◆ WHAT NEEDS TO BE DONE
An exact copy of the lines of the listing below between the "Udo Landbauer. NÖ" line and the "Paddy Julia harfli" line, both included, is the whole answer; please omit the pictures.

◆ INFORMATION SUPPLIED
────────

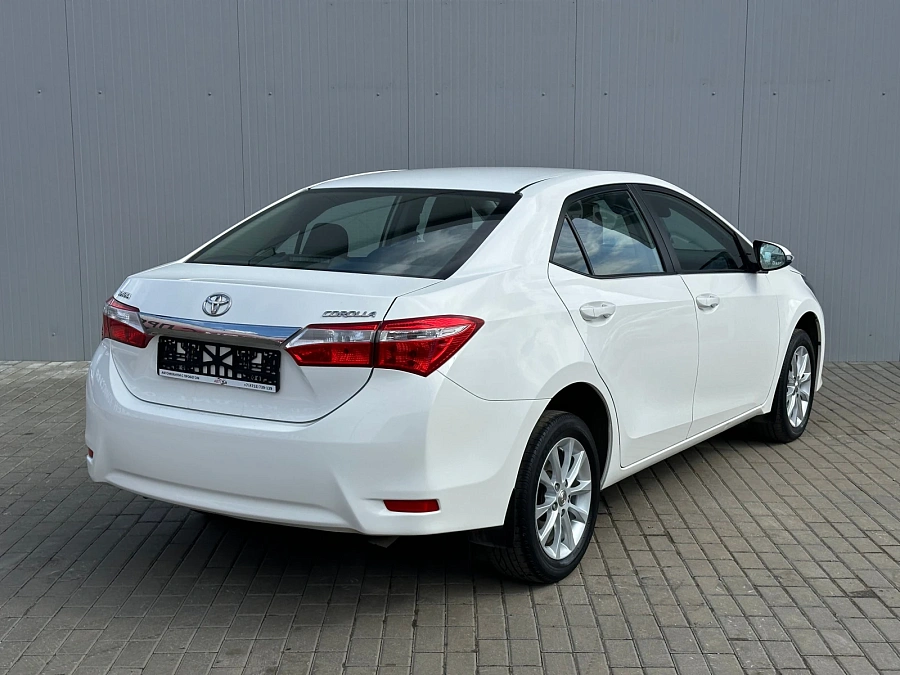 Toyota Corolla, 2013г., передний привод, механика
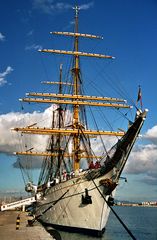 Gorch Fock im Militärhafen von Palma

────────

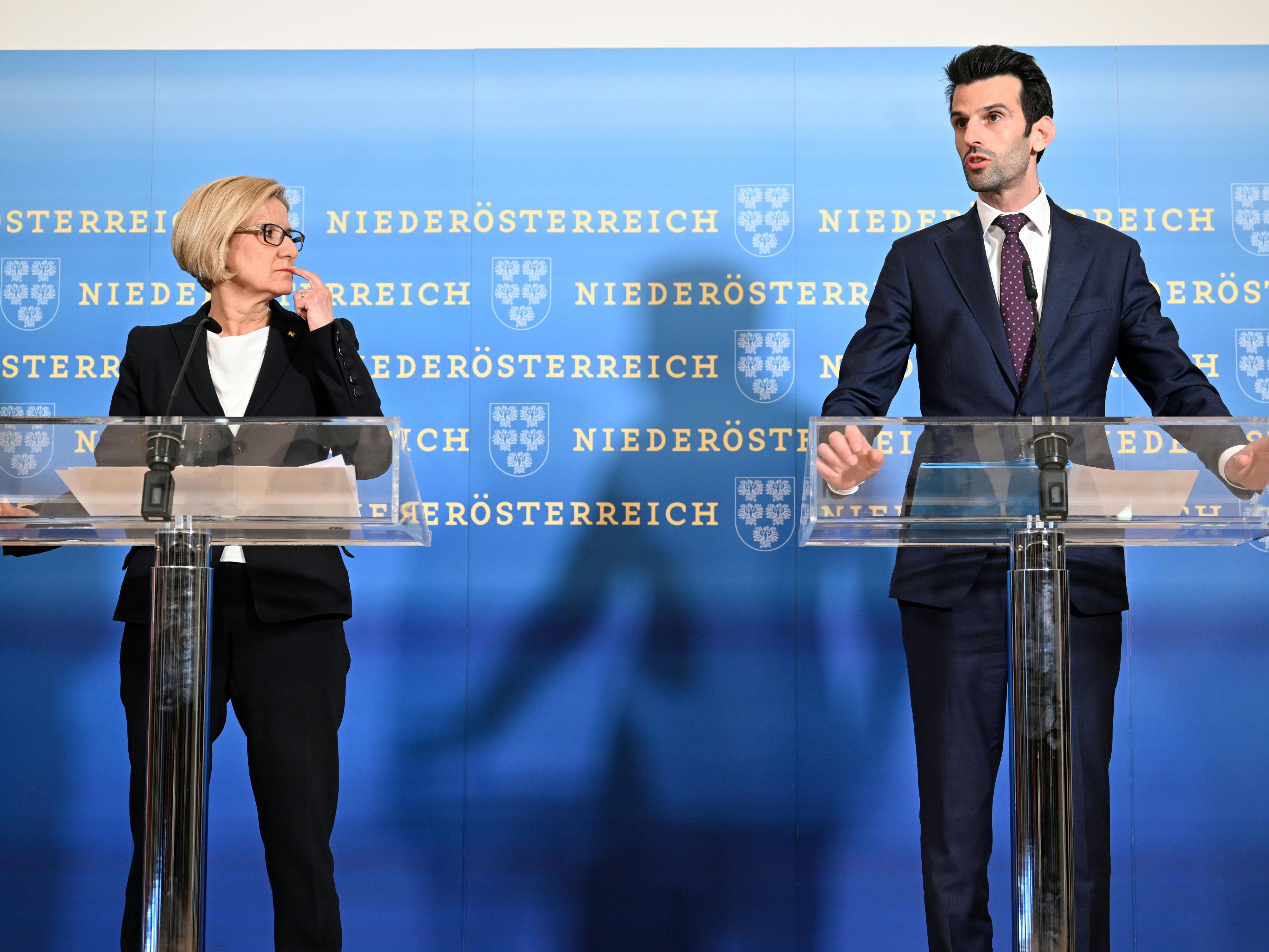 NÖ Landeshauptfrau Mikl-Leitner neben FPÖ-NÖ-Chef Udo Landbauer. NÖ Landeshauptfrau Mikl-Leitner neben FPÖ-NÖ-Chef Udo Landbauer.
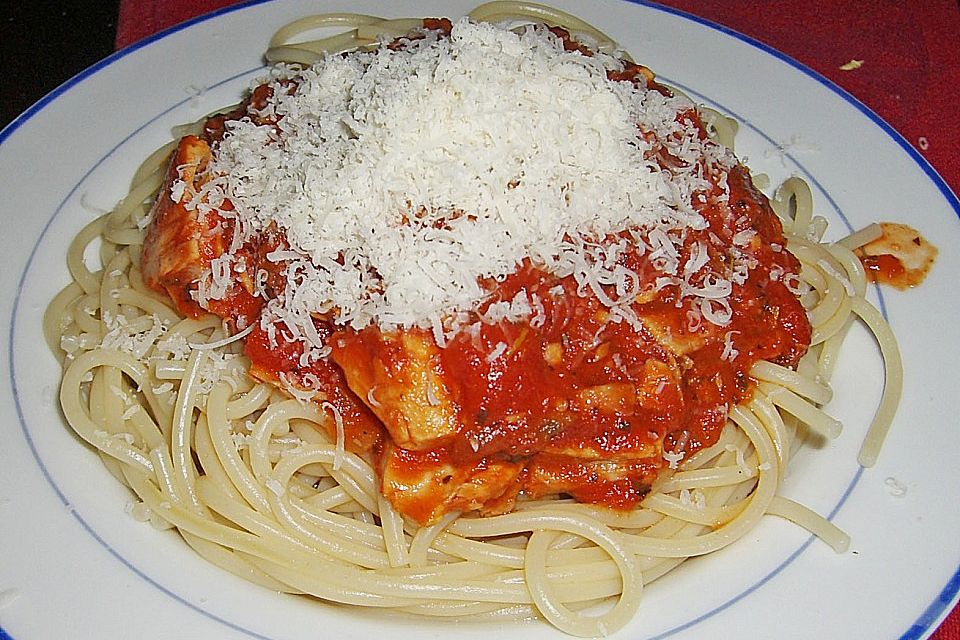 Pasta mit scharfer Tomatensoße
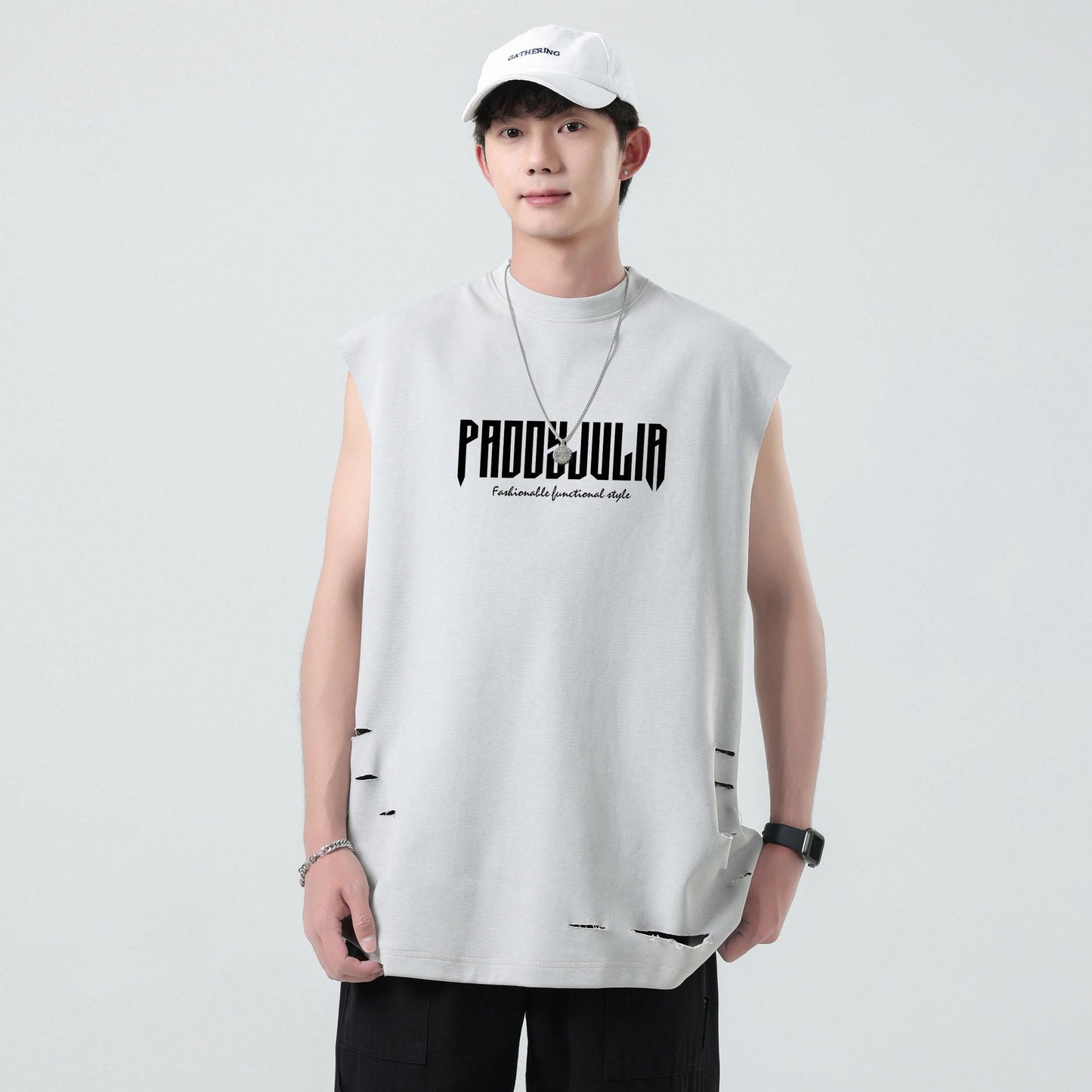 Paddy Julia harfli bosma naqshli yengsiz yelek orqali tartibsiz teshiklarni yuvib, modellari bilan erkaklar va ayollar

────────

◆ EXERCISE RESPONSE
 NÖ Landeshauptfrau Mikl-Leitner neben FPÖ-NÖ-Chef Udo Landbauer. NÖ Landeshauptfrau Mikl-Leitner neben FPÖ-NÖ-Chef Udo Landbauer.
 Pasta mit scharfer Tomatensoße
 Paddy Julia harfli bosma naqshli yengsiz yelek orqali tartibsiz teshiklarni yuvib, modellari bilan erkaklar va ayollar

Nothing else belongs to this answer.